The space of mobile sobriety

Transition Workshop 2020 | Équipe 3: Nathalie Fanzy, Pauline Hosotte, Eliane Schwander-Gonçalves et Prisca Vythelingum

The space of mobile sobriety

Considering mobility as both spatial and social, thanks to rapid changes in the face of the climate emergency, it must be reviewed in many ways. It should above all be considered as one of the methods of reverse planning to reduce the tonnes of CO2 from 10 to 1 produced on average per person in Switzerland.

Such an enterprise requires understanding the overlapping scales of community and individual in order to produce new patterns regarding the economy and the production/consumption of goods and services. For this, long-term thinking also using new technologies is essential, which can have a positive effect on the reconsideration of GDP, jobs and ultimately well-being.

For the Marronniers, an approach based on individual life scenarios can give substance to concrete solutions and to anticipating social problems that the ecological transition may cause.

By combining the lives of four types of individuals, the Marronniers district is designed on the basis of its pedestrian proximity to essential amenities and public transport, reconciling private life, community/public and professional life, and a healthy environment.

The team finally wants to reconcile the limits that environmental protection imposes with the possibility of freedom and diversity for the individual and the community.

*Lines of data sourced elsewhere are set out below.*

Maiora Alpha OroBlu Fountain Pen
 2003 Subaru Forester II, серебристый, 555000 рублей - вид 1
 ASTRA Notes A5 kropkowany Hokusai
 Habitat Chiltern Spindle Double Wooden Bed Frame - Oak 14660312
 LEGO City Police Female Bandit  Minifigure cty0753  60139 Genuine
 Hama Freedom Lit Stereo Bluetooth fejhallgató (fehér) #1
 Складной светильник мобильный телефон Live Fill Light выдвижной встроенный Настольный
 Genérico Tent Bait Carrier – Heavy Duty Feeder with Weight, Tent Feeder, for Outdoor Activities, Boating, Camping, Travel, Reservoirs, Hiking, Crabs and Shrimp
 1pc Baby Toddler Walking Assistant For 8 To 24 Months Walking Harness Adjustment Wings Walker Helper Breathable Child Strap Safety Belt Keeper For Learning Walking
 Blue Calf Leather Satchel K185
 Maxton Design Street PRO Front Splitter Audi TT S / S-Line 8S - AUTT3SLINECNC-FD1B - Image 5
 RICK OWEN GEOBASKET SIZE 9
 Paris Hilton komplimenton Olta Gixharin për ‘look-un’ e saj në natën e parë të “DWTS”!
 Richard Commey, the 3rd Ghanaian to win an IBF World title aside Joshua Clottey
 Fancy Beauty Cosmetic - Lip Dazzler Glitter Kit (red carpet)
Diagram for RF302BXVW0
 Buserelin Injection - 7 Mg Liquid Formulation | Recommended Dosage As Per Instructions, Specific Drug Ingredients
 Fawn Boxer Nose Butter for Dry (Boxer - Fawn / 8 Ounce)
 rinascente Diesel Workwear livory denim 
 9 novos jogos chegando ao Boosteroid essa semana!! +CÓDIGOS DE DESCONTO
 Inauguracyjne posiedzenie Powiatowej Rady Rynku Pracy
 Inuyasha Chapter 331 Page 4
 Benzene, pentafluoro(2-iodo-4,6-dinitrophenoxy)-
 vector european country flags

Prisca Vythelingum and Pauline Hosotte

Team

  • Eliane SCHWANDER-GONÇALVES
    Architect
    EPFL-graduated architect, I am passionate about the interaction between humans and their living space in the broad sense. In my last job, I was an architect, project manager and client consultant. The initial phases of a project are the ones that fascinate me the most: listening, analysing and if necessary questioning the clients’ requests in order to define their needs and establish a relevant project strategy. Since September, I have left architecture behind and set off on a new path. I will be a project manager at TA-Swiss, a foundation for the evaluation of technological choices.
  • Prisca VYTHELINGUM
    Economist, general secretary of the ATE, Friborg section
    Trained economist, I work as general secretary at the transport and environment association in Friborg. My assets for our mission are a good knowledge of mobility issues and land use planning procedures, extensive experience in project management and mediation skills. I want to help invent a sober mobility solution that fits into a development that encourages the ecological transition for all of its users.
  • Pauline HOSOTTE
    Civil Engineer, EPFL student
    Engineer at the Transitec mobility consulting engineering firm and doctoral student at the urban sociology laboratory of the EPFL, the field of mobility as a vector of activities in different spheres of life fascinates me. My research on traffic evaporation combines practice and research to better understand this phenomenon. Against a backdrop where space constraints and ecological awareness meet, it focuses on the individual in the society.
  • Nathalie FANZY
    Head of events and sustainability expertise group at the Jean Monnet Foundation, EPFL doctoral student
    In charge of events and of the sustainability expertise group at the Jean Monnet Foundation, I could work on the transport issue within Europe through comparative studies and most recently on smart cities for a next 5-year cycle. A few months ago, I joined the EDAR doctoral school of EPFL to develop my thesis in urban sociology which focuses on inequalities of gender, age and small households (1-2 people) in the smart and sustainable cities of the future. This thesis is part of a comparative study of Copenhagen, Barcelona and Zurich.